• _TASK GOAL_: Copy task for the material below: print the line with "Petugas amankan barang" and every line after it to the end, exactly as written, without the pictures.

• _DATA TO EXAMINE_:
== == ==
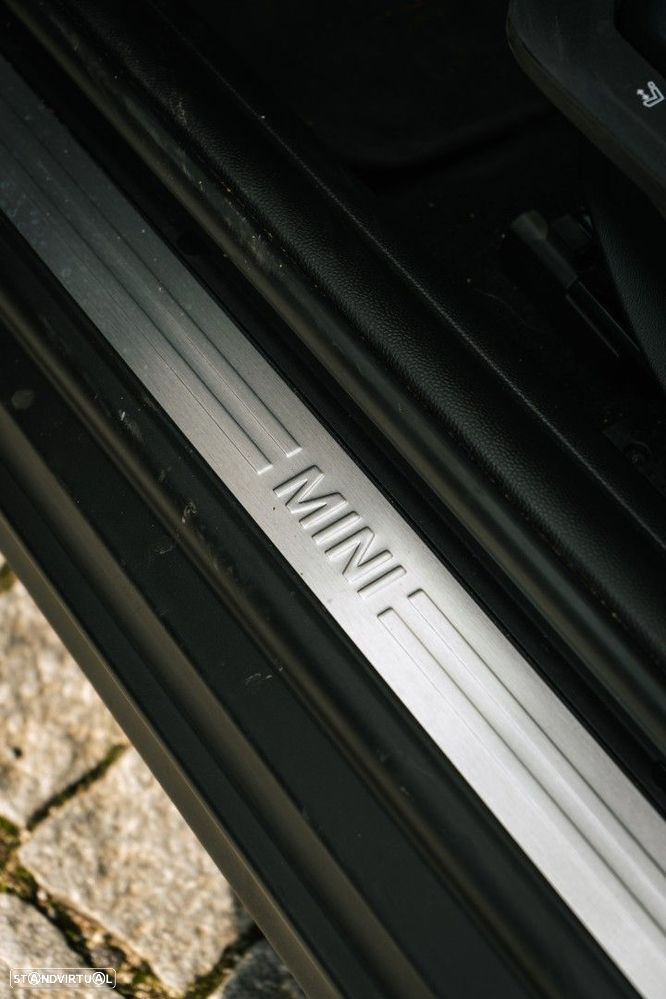MINI 3 Portas Cooper C Essential - 18
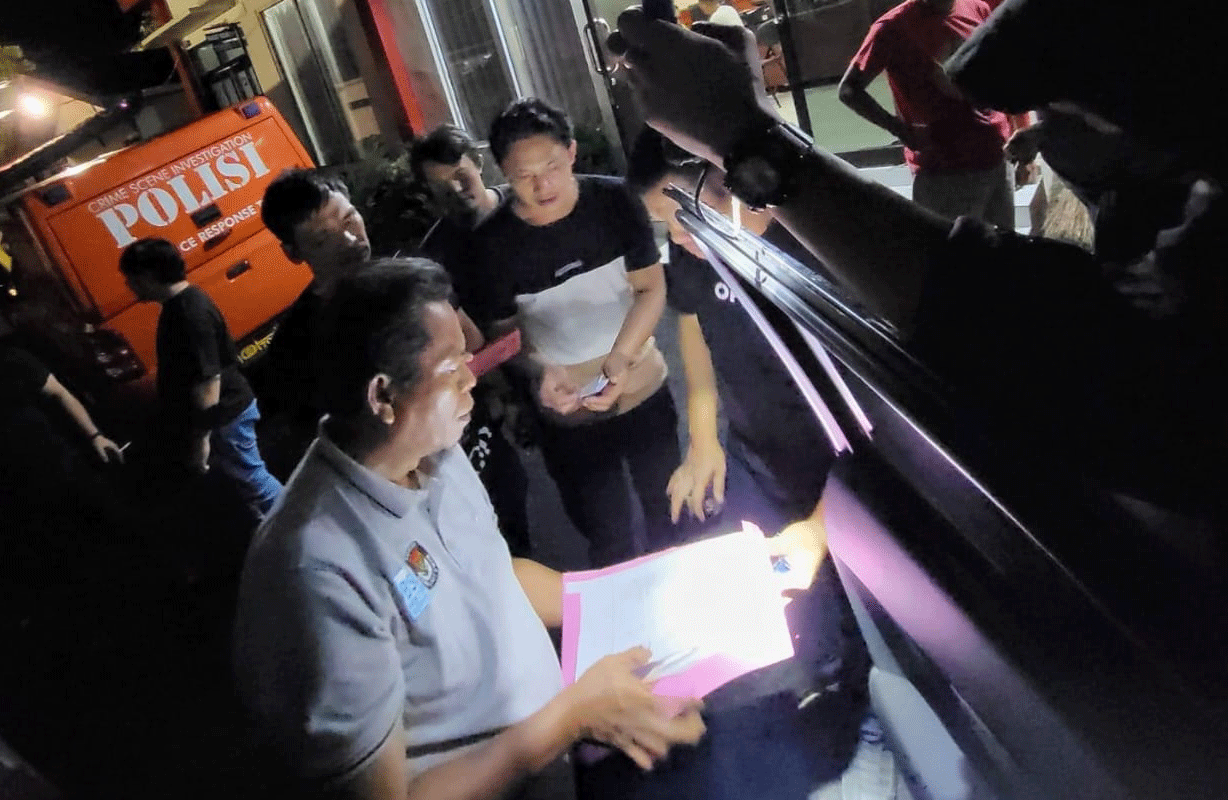 Petugas amankan barang bukti hasil operasi tangkap tangan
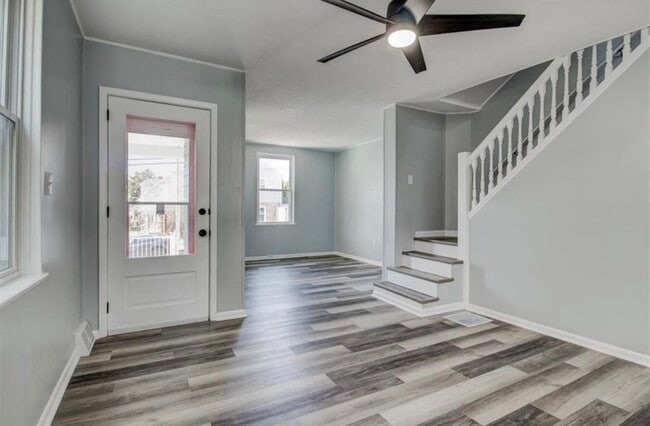 Building Photo - 833 N Hoffert St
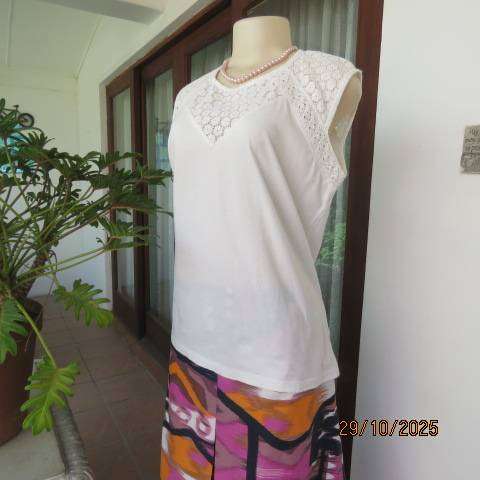 MARISA white cotton sleeveless top with lace pointed yoke fron-shoulders. Size 40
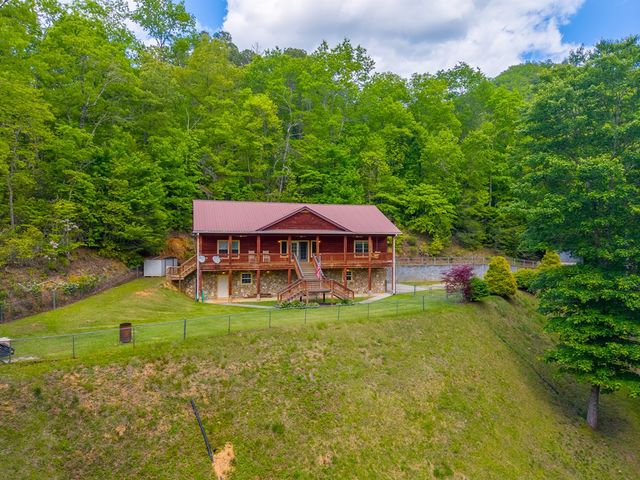 155 Mountain Laurel Road, Robbinsville, NC 28771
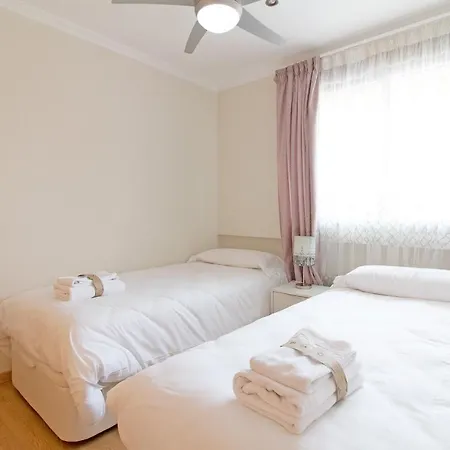 Global Properties, Ideal Familias En Canet Playa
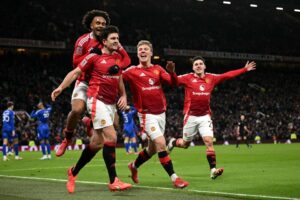 Read more about the article Harry Maguire’s controversial winner sees Ruud van Nistelrooy create unwanted Manchester United history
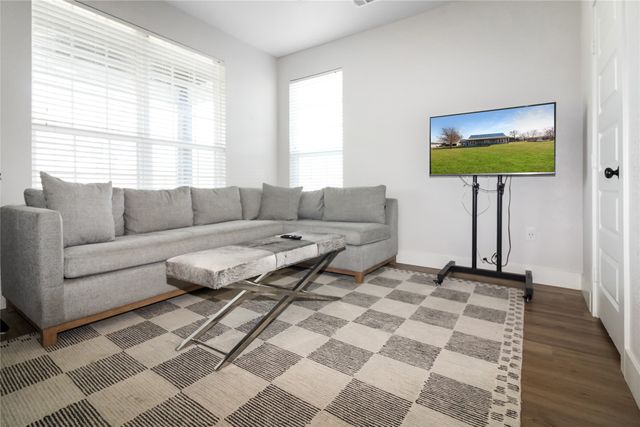 10166 Fm 3094, Scurry, TX 75158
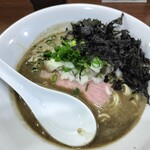 煮干し中華そば 魚魚 - 料理写真:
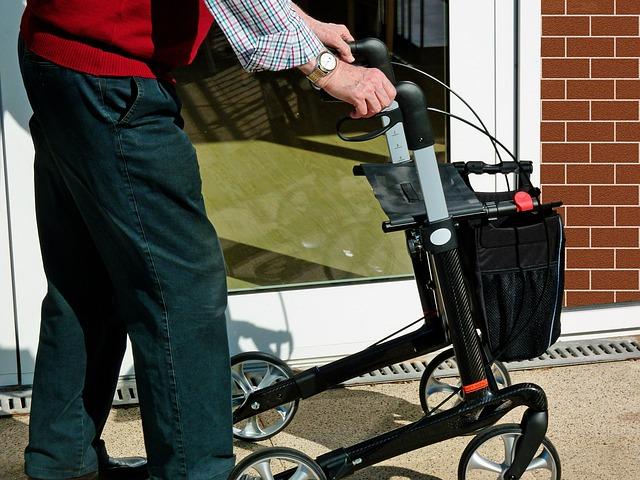 Foto  Moritz320 oudere man met rollator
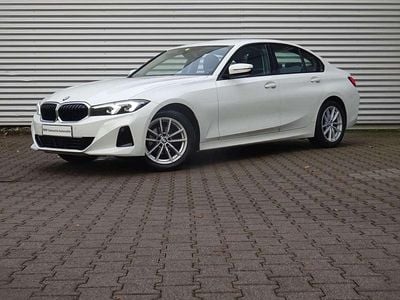 Gebraucht BMW 320 184 PS (135 kW) 2022 Weiß Limousine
== == ==
• _RESULT FOR THIS EXERCISE_:
 Petugas amankan barang bukti hasil operasi tangkap tangan
 Building Photo - 833 N Hoffert St
 MARISA white cotton sleeveless top with lace pointed yoke fron-shoulders. Size 40
 155 Mountain Laurel Road, Robbinsville, NC 28771
 Global Properties, Ideal Familias En Canet Playa
 Read more about the article Harry Maguire’s controversial winner sees Ruud van Nistelrooy create unwanted Manchester United history
 10166 Fm 3094, Scurry, TX 75158
 煮干し中華そば 魚魚 - 料理写真:
 Foto  Moritz320 oudere man met rollator
 Gebraucht BMW 320 184 PS (135 kW) 2022 Weiß Limousine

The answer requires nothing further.